**COLLECTED DATA:**
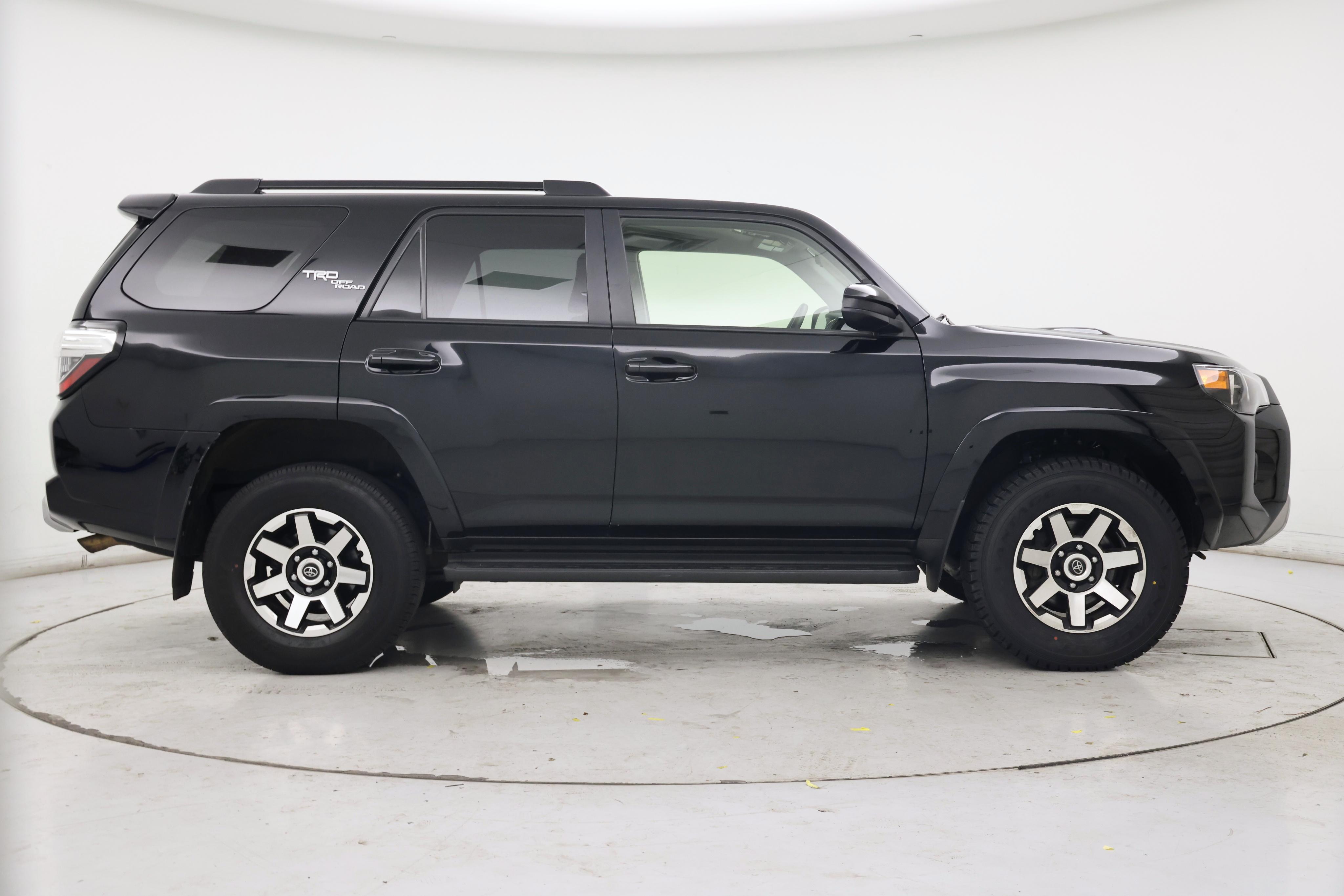 Thumbnail: 2024 Toyota 4Runner - 7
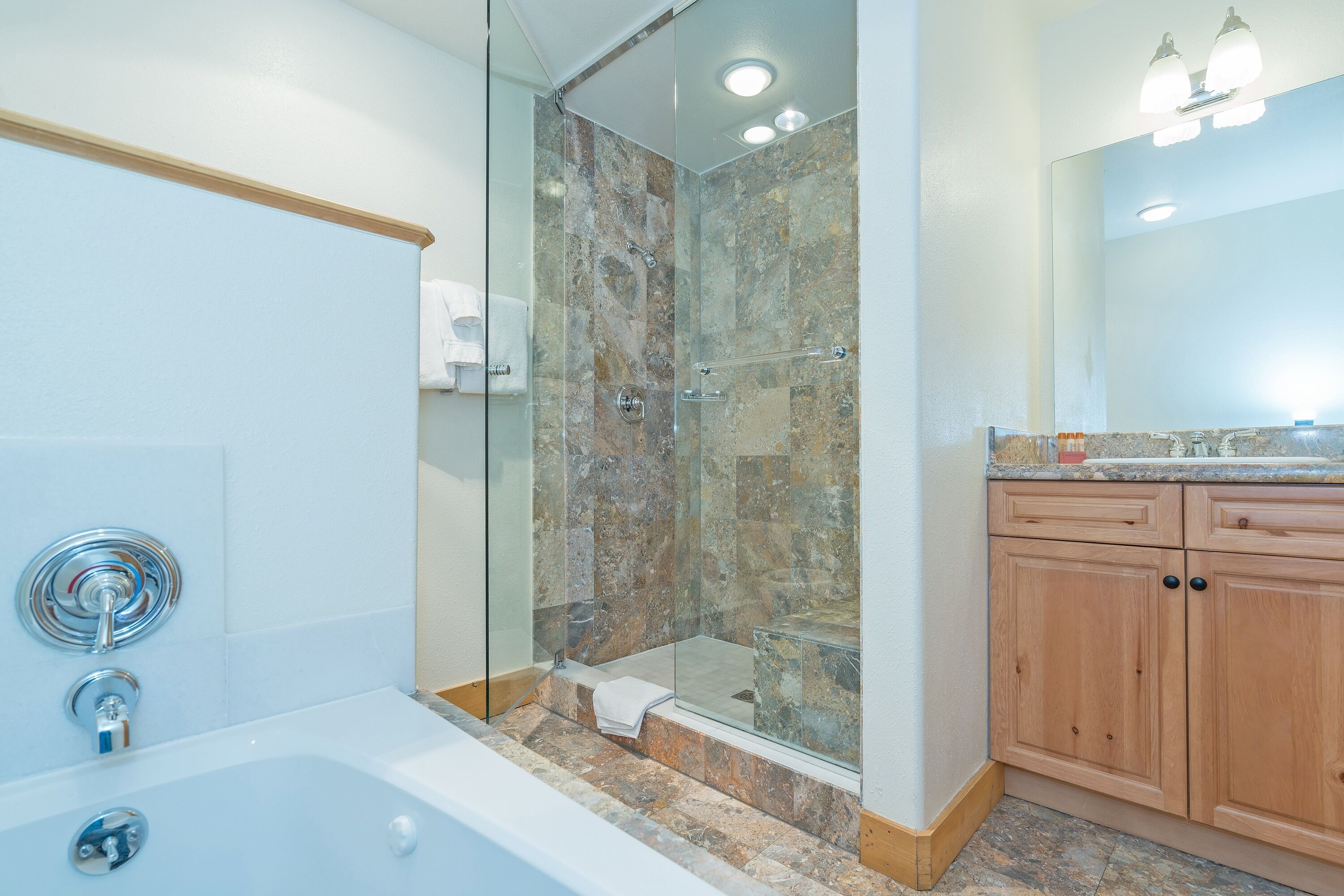 Bear Creek Lodge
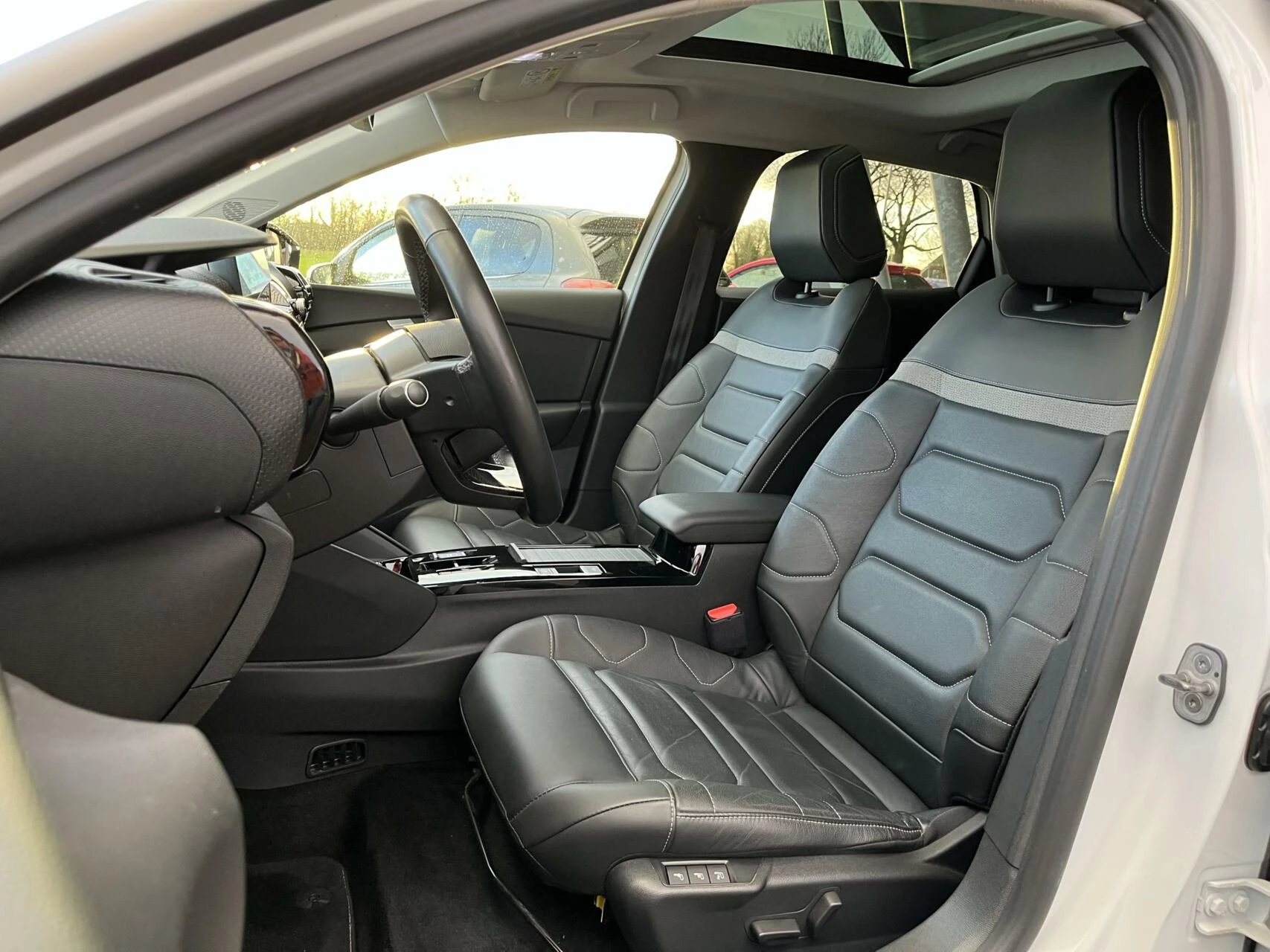 Hoofdafbeelding Citroën ë-C4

**TASK BRIEF:**
Once the images are dropped, set down the remaining material word for word.

**WRITTEN REPLY:**
 Thumbnail: 2024 Toyota 4Runner - 7
 Bear Creek Lodge
 Hoofdafbeelding Citroën ë-C4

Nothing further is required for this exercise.